Les quatre mis en cause ont écopé de 6 mois de prison et de 250 000 francs d’amende. « L’article 134 du Code forestier prévoit une peine de 4 mois à 5 ans de prison et de 250 000 à 5 millions de francs-cfa d’amende. Nous ne remettons pas en cause le fait que le juge a appliqué le droit mais cela nous paraît peu », déplore le lieutenant. L’amende de 250 000 francs ne correspond par exemple qu’à la vente d’à peine 4 ha de terrain, soit une très faible somme pour le réseau.
« C’est une opération de deux semaines, nos agents ont pris des risques, traversé une rivière à pirogue, dormi chez le féticheur du réseau. Si on les confondait, cela pouvait être dangereux. Si on recroise les gars dans 6 mois, ils vont nous provoquer en disant qu’on aurait dû accepter leur arrangement. Là, ils risquent de devenir plus forts encore sur le terrain », déplore-t-il.
La Sodefor a en effet la possibilité d’accepter une somme d’argent sous forme de dommages et intérêts de la part du délinquant, ce qui évite de passer par la case tribunal.
Pour obtenir un jugement plus dur, l’administration a décidé d’interjeter appel pour deux motifs, explique Arthur Gnigoli, chef du service juridique : « D’abord, le juge n’a pas tenu compte de la qualité de récidiviste d’un des mis en cause, ce qui aurait dû entraîner une sanction lourde. Ensuite nous n’avons pas été constitué partie civile, c’est un manquement fort parce que nous n’avons pas été mis au courant de la tenue du procès. La Sodefor aurait dû toucher des dommages parce qu’elle représente l’État. »

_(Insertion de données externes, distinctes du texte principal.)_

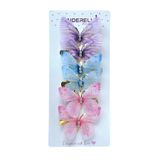 Cinderella 6'lı Hareketli Renkli Kelebek Toka Seti 5cm - Tül Kanatlı Taşlı Kelebekli Toka Pens Klips Saç Tokası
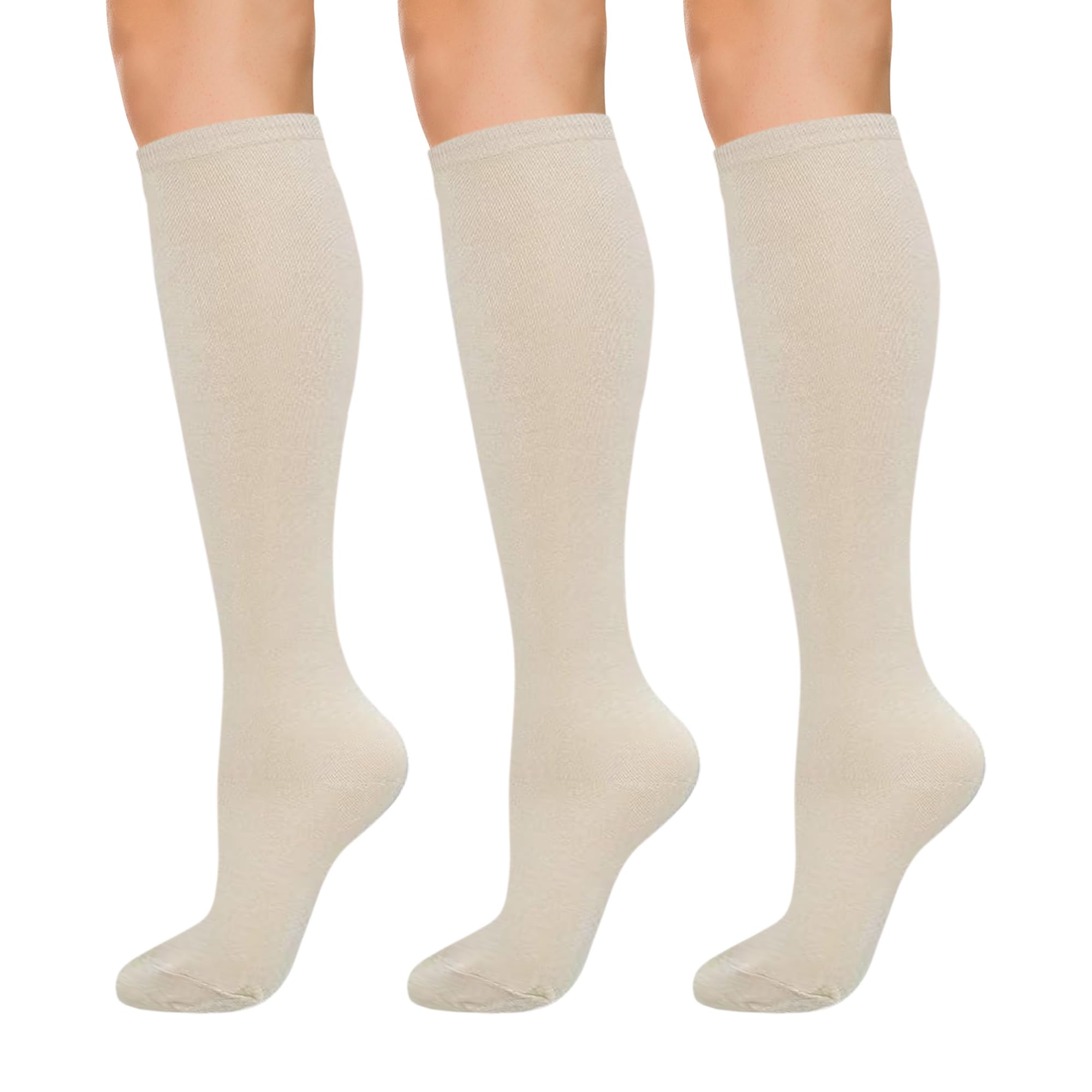 KONY Women's Cotton Knee High Socks, 3 Pairs Solid & Striped Casual Dress Socks, Breathable, Moisture Wicking, Shoe Size 5-10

Zeba Bation, dit « Tout petit », avait été condamné à 6 mois de prison pour le même motif en 2017 et avait eu un avis de recherche émis contre lui par la brigade de gendarmerie d’Alépé en janvier 2017 pour « vente illicite du patrimoine forestier de l’État et installation clandestine et frauduleuse de populations étrangère dans la dite forêt au préjudice de la Sodefor ». Une installation qui pourrait, en outre, causer des problèmes avec les populations autochtones qui n’ont pas accès à la forêt, notamment au village de Mopodji, selon le lieutenant.
« Nous sommes prêts, motivés et bien équipés, résume Landry Mahi, mais il faut que l’État nous appuie. On veut laisser quelque chose aux générations futures. On sillonne la Côte d’Ivoire, on n’a pas de vacances ni le 24, ni le 31. C’est décourageant lorsque les gens sortent très vite de prison comme cela ».